PubSeq provides an API that is used to export formats that are
suitable for uploading data to EBI/ENA from our [[http://covid19.genenetwork.org/export][EXPORT]] menu. This is
documented [[http://covid19.genenetwork.org/blog?id=using-covid-19-pubseq-part6][here]].
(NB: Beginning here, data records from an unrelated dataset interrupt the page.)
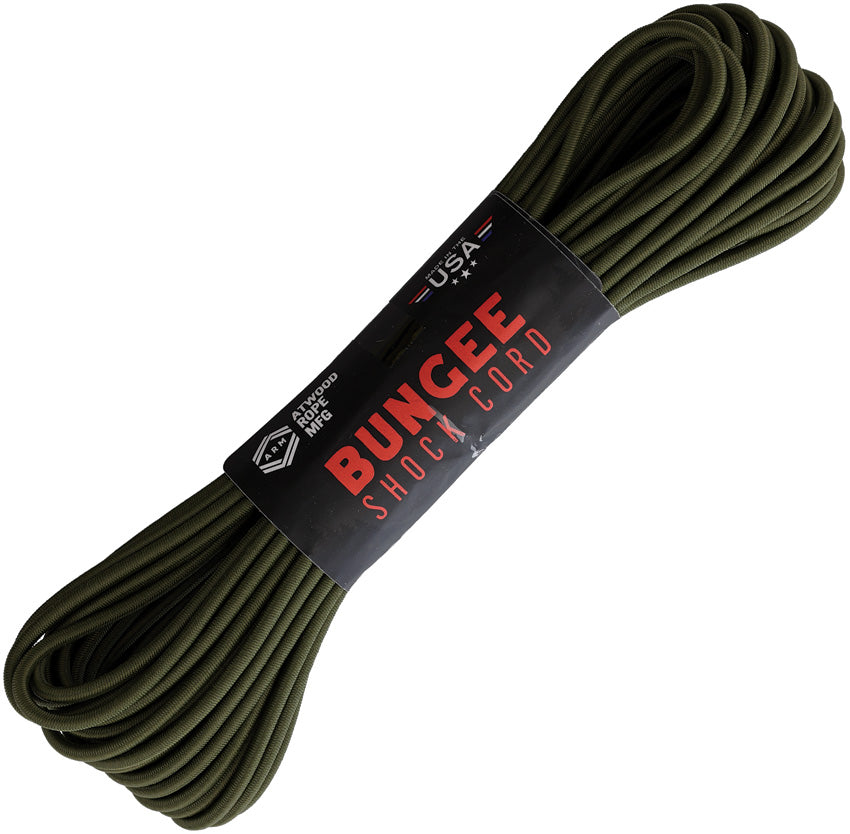 Bungee Shock Cord 50ft OD SC14-50 OLIVE DRAB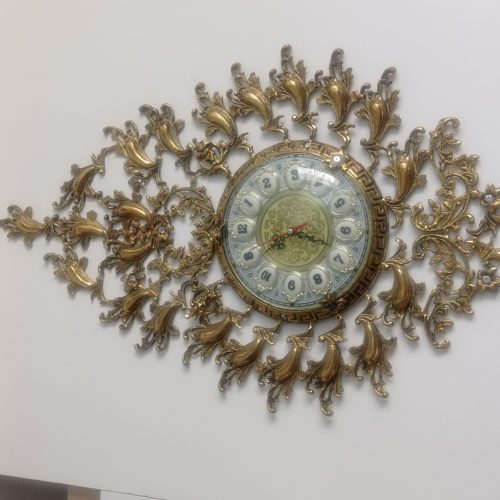 ساعت برنز دیواری
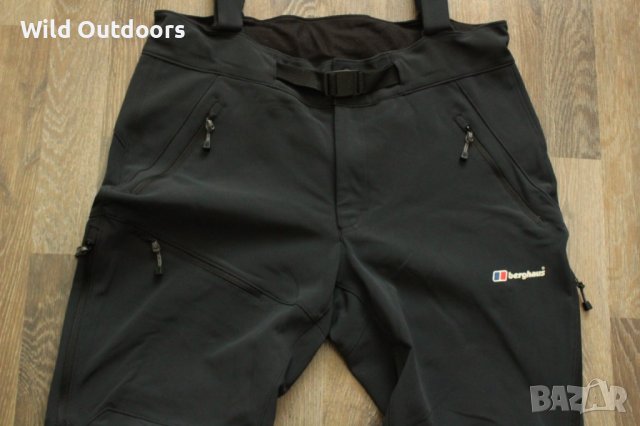 BERGHAUS - мъжки софтшел windstopper панталон, размер 34 (М-L), снимка 2 - Спортни дрехи, екипи - 42898050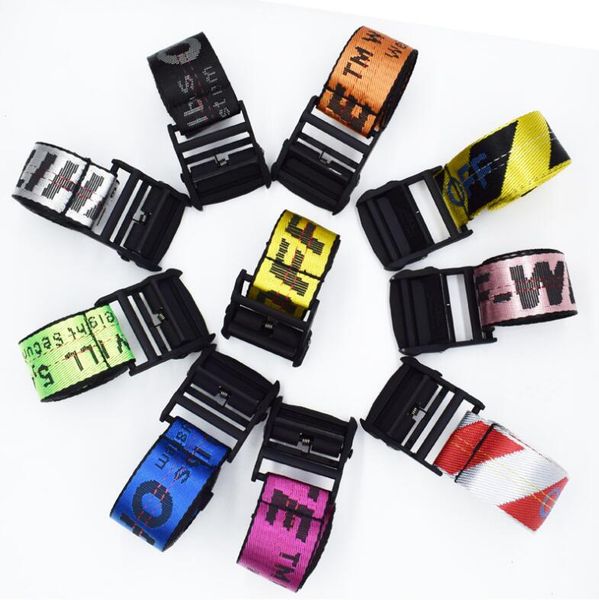 

Fashion high quality canvas luxury belt mens casual gold yellow belt beautiful canvas men and women brand belt 200cm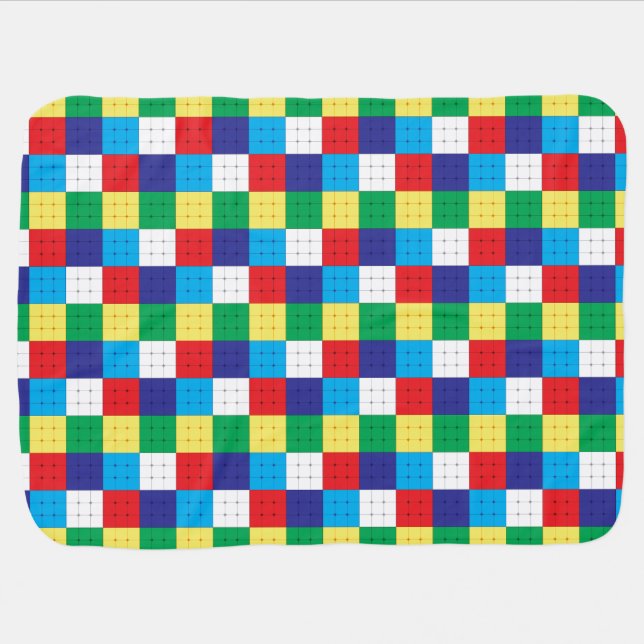 Cube Puzzle Game  Baby Blanket (Horizontal)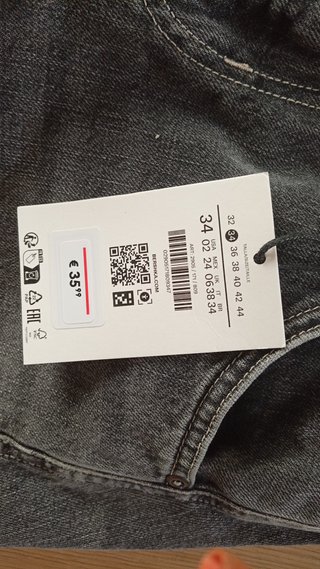 Vaqueros Barrel Bershka Negros Talla 34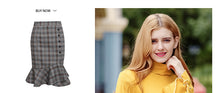 Load image into Gallery viewer, 2019 Winter New Women's Pure Collar Trumpet Long Sleeved Turtleneck Sweaters Hundred Bears Nested Sweaters 58875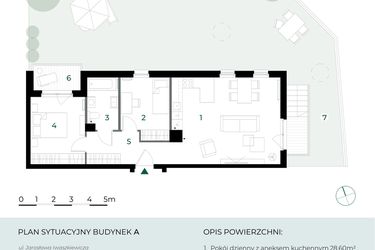 Rzut - Mieszkanie na sprzedaż 3 pokoje o powierzchni 62,4 m² - numer M1 w Park-Wojszyce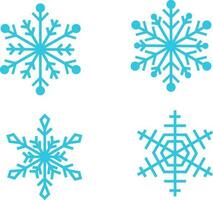 sneeuwvlok illustratie. winter meetkundig symbool.voor ontwerp decoratie en illustratie. vector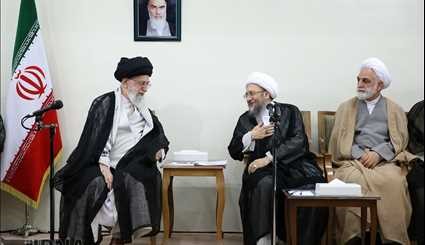 Leader receives Judiciary officials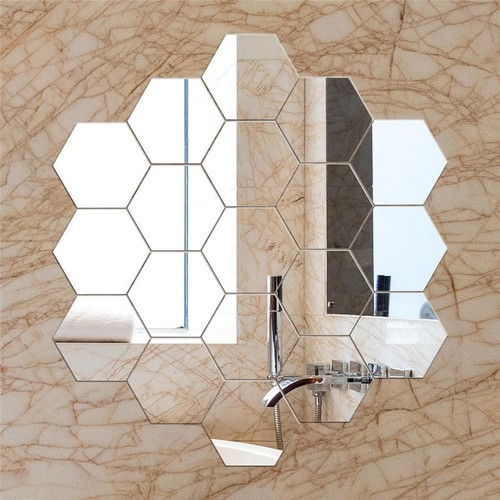 24pcs mirror tiles - tiles, wall
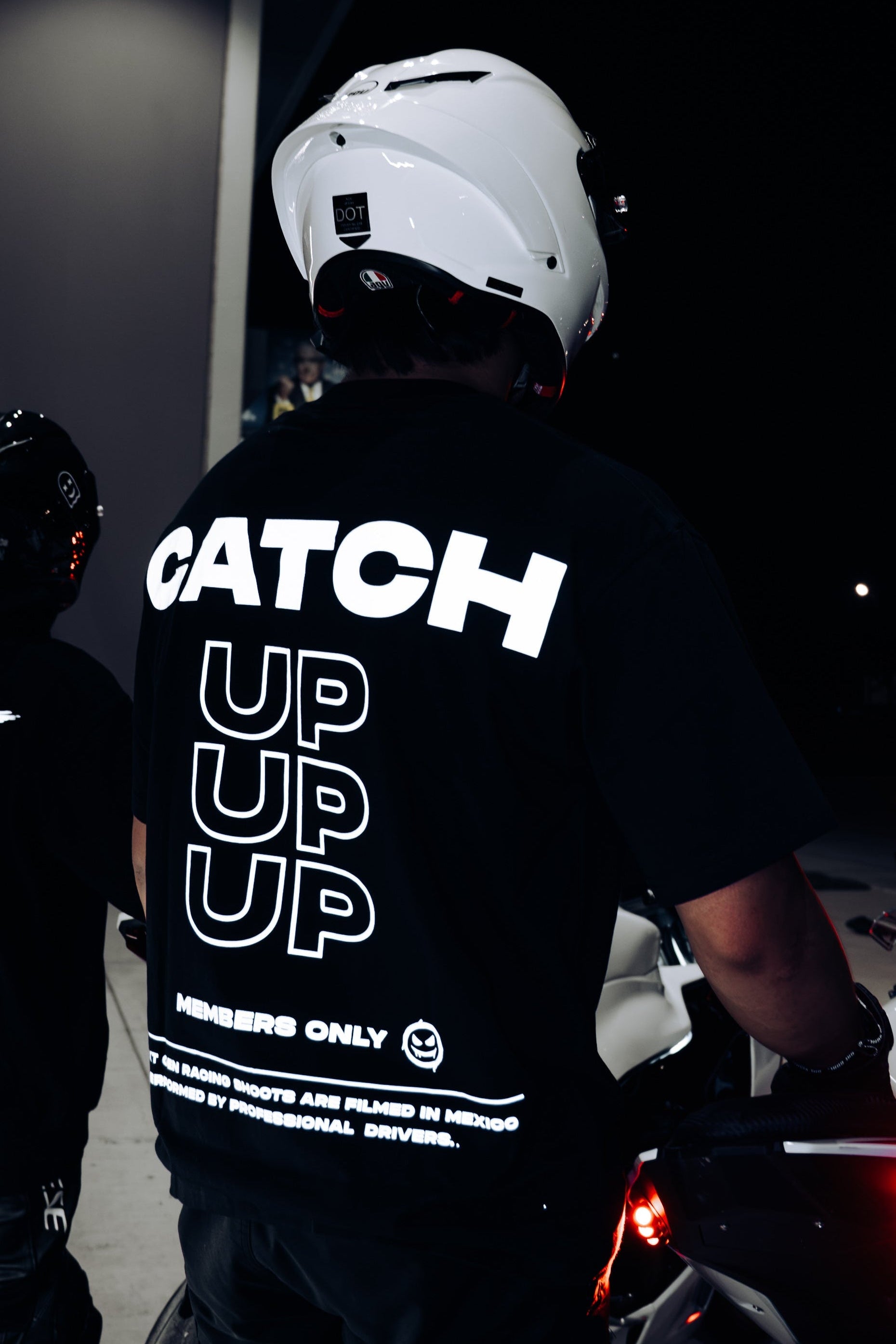 "CATCH UP" REFLECTIVE TEE (BLACK)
#+begin_src python :session :exports both
requests.get(baseURL+"/api/ebi/sample-MT326090.1.xml").text
#+end_src

#+RESULTS:
#+begin_example
<?xml version="1.0" encoding="UTF-8"?>
<SAMPLE_SET>
  <SAMPLE alias="MT326090.1" center_name="COVID-19 PubSeq">
    <TITLE>COVID-19 PubSeq Sample</TITLE>
    <SAMPLE_NAME>
      <TAXON_ID>2697049</TAXON_ID>
      <SCIENTIFIC_NAME>Severe acute respiratory syndrome coronavirus 2</SCIENTIFIC_NAME>
      <COMMON_NAME>SARS-CoV-2</COMMON_NAME>
    </SAMPLE_NAME>
    <SAMPLE_ATTRIBUTES>
      <SAMPLE_ATTRIBUTE>
        <TAG>investigation type</TAG>
        <VALUE></VALUE>
      </SAMPLE_ATTRIBUTE>
      <SAMPLE_ATTRIBUTE>
        <TAG>sequencing method</TAG>
        <VALUE>http://purl.obolibrary.org/obo/OBI_0000759</VALUE>
      </SAMPLE_ATTRIBUTE>
      <SAMPLE_ATTRIBUTE>
        <TAG>collection date</TAG>
        <VALUE>2020-03-21</VALUE>
      </SAMPLE_ATTRIBUTE>
      <SAMPLE_ATTRIBUTE>
        <TAG>geographic location (latitude)</TAG>
        <VALUE></VALUE>
     <UNITS>DD</UNITS>
      </SAMPLE_ATTRIBUTE>
      <SAMPLE_ATTRIBUTE>
        <TAG>geographic location (longitude)</TAG>
        <VALUE></VALUE>
     <UNITS>DD</UNITS>
      </SAMPLE_ATTRIBUTE>
      <SAMPLE_ATTRIBUTE>
     <TAG>geographic location (country and/or sea)</TAG>
     <VALUE></VALUE>
      </SAMPLE_ATTRIBUTE>
      <SAMPLE_ATTRIBUTE>
        <TAG>geographic location (region and locality)</TAG>
        <VALUE></VALUE>
      </SAMPLE_ATTRIBUTE>
      <SAMPLE_ATTRIBUTE>
        <TAG>environment (material)</TAG>
        <VALUE>http://purl.obolibrary.org/obo/NCIT_C155831</VALUE>
      </SAMPLE_ATTRIBUTE>
      <SAMPLE_ATTRIBUTE>
        <TAG>ENA-CHECKLIST</TAG>
        <VALUE>ERC000011</VALUE>
      </SAMPLE_ATTRIBUTE>
    </SAMPLE_ATTRIBUTES>
  </SAMPLE>
</SAMPLE_SET>
#+end_example

* Configure emacs to run tests

Execute a code block with C-c C-c. You may need to set

#+begin_src elisp
  (org-babel-do-load-languages
   'org-babel-load-languages
   '((python . t)))
  (setq org-babel-python-command "python3")
  (setq org-babel-eval-verbose t)
  (setq org-confirm-babel-evaluate nil)
#+end_src

#+RESULTS:

To skip confirmations you may also want to set

: (setq org-confirm-babel-evaluate nil)

To see output of the interpreter open then *Python* buffer.